The repository is structured into two main folders: one for Classification (spoiler detection) and another for Generation (spoiler-free plot generation).
- Classification Task
In this task, we aim to classify movie reviews as either spoilers or non-spoilers. We leveraged a combination of feature extraction techniques and advanced deep learning models for this task. Our method involves extracting several key features from the dataset, such as:
The presence of certain spoiler-related keywords (e.g., "die", "kill") Sentence length and structure Review metadata such as the number of votes or review date (used in feature engineering) After preprocessing the data and extracting features, we trained multiple models, including LSTM, BERT, and RoBERTa. We also experimented with model ensemble techniques, such as voting between different classifiers, to further improve accuracy.
- Generation Task
In this task, we generate spoiler-free summaries of movie plots using various transformer-based models. The dataset contains two columns: one with the full plot (containing spoilers) and another with the spoiler-free summary. The goal is to fine-tune models that can generate a coherent, spoiler-free version of the plot.

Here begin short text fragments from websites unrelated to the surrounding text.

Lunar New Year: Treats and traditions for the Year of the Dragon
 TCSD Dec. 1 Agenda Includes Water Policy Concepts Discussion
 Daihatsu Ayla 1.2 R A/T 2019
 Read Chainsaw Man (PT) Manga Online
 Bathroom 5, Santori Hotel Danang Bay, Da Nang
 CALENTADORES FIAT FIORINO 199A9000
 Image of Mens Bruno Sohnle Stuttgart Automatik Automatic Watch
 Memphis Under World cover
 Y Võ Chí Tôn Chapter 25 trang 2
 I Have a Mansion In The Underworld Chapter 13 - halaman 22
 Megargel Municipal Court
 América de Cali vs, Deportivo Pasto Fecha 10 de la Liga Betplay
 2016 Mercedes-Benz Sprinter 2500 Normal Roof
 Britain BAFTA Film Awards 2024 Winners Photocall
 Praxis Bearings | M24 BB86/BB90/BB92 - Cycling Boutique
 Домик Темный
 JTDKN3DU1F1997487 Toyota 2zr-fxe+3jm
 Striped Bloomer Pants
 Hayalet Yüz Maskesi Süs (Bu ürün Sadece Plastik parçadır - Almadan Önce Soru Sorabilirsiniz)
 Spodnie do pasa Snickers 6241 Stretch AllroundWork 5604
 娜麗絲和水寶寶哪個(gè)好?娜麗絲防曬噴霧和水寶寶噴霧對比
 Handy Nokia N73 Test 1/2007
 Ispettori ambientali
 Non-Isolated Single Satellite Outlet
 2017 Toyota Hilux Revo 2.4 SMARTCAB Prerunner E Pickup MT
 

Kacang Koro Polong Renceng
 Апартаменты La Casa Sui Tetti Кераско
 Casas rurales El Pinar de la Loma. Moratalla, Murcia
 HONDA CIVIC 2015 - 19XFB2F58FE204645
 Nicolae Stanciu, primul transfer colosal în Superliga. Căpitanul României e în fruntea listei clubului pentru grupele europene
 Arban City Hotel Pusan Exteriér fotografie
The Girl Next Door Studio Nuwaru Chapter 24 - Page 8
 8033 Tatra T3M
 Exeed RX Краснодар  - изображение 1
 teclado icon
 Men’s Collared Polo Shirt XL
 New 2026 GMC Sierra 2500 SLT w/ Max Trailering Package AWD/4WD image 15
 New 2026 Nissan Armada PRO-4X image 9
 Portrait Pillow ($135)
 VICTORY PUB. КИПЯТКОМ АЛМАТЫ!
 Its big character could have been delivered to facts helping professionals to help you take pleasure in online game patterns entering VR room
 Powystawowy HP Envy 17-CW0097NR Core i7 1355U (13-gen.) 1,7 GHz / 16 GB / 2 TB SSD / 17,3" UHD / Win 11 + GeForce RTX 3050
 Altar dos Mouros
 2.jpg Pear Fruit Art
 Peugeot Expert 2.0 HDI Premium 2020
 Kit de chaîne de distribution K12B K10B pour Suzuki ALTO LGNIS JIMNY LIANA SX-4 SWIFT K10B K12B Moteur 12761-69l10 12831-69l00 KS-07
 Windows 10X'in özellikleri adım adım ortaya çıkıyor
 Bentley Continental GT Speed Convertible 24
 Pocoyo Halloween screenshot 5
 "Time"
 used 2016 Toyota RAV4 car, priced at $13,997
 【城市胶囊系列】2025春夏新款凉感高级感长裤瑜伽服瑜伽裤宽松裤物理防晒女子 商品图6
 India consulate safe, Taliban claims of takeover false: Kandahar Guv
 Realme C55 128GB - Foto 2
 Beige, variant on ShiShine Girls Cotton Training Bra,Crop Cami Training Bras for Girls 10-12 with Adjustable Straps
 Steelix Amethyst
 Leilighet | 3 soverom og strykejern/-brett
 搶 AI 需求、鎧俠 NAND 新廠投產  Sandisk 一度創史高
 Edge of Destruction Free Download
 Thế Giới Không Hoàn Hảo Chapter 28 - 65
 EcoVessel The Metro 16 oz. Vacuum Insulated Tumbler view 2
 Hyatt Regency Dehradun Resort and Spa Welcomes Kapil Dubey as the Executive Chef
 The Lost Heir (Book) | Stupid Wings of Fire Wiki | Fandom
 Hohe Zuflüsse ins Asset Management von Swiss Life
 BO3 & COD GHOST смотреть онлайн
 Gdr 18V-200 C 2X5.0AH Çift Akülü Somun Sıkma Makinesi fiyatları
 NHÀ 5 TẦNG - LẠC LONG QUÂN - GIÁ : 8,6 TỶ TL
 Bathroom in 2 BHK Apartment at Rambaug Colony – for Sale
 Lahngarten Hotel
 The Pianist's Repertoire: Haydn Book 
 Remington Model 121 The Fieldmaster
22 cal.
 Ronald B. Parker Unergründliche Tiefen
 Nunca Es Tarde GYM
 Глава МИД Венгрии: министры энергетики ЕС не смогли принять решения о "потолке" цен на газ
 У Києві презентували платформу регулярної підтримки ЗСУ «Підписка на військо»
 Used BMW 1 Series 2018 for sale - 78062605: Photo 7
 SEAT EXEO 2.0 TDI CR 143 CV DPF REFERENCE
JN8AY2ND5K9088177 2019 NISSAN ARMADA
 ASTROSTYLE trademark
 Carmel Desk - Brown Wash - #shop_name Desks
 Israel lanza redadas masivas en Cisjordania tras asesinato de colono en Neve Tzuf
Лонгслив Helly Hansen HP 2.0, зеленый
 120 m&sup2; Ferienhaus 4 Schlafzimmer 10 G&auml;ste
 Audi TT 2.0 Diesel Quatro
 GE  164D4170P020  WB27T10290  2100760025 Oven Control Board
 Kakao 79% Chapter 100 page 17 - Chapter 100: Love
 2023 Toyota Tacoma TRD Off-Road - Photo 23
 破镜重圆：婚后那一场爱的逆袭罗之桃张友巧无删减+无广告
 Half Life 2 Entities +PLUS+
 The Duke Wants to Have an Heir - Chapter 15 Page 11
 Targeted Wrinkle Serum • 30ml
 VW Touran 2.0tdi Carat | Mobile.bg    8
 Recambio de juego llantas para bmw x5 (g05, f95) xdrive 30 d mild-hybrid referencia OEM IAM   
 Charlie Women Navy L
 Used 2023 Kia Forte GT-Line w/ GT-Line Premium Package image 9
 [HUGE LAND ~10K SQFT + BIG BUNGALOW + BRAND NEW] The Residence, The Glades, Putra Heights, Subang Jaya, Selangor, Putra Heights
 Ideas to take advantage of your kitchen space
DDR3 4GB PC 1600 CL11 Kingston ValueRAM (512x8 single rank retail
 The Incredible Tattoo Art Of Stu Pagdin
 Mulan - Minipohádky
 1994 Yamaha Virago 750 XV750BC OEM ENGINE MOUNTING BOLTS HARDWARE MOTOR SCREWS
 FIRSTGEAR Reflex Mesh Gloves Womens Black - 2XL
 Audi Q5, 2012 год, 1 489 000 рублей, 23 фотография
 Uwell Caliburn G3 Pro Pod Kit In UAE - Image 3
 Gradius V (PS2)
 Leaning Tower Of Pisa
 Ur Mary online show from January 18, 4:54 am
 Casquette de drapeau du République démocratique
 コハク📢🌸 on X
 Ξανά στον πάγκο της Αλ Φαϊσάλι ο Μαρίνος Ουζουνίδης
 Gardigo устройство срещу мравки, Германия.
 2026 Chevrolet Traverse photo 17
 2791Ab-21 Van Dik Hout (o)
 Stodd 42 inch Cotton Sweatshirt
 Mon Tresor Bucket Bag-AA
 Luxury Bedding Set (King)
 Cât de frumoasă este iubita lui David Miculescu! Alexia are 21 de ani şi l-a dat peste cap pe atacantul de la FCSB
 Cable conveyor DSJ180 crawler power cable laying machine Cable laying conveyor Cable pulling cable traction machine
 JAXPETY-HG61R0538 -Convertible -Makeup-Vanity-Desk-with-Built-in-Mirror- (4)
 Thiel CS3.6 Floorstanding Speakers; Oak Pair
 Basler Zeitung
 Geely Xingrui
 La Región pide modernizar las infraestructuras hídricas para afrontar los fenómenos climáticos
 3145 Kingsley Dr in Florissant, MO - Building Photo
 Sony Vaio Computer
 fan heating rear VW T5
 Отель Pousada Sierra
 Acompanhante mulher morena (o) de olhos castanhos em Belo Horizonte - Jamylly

We experimented with the following transformer models:
BART, LED, BigBird, LongT5
These models were fine-tuned on the IMDB Spoiler dataset to generate concise, non-spoiler summaries while retaining the essence of the movie’s storyline.
In the generation task, our models—BART, LED, BigBird, and LongT5—successfully generated spoiler-free summaries and reviews, maintaining the plot’s essence without revealing key details. In the classification task, using LSTM, BERT, and RoBERTa, we accurately detected spoiler reviews, achieving high precision and recall. These results highlight the effectiveness of our approach in both tasks.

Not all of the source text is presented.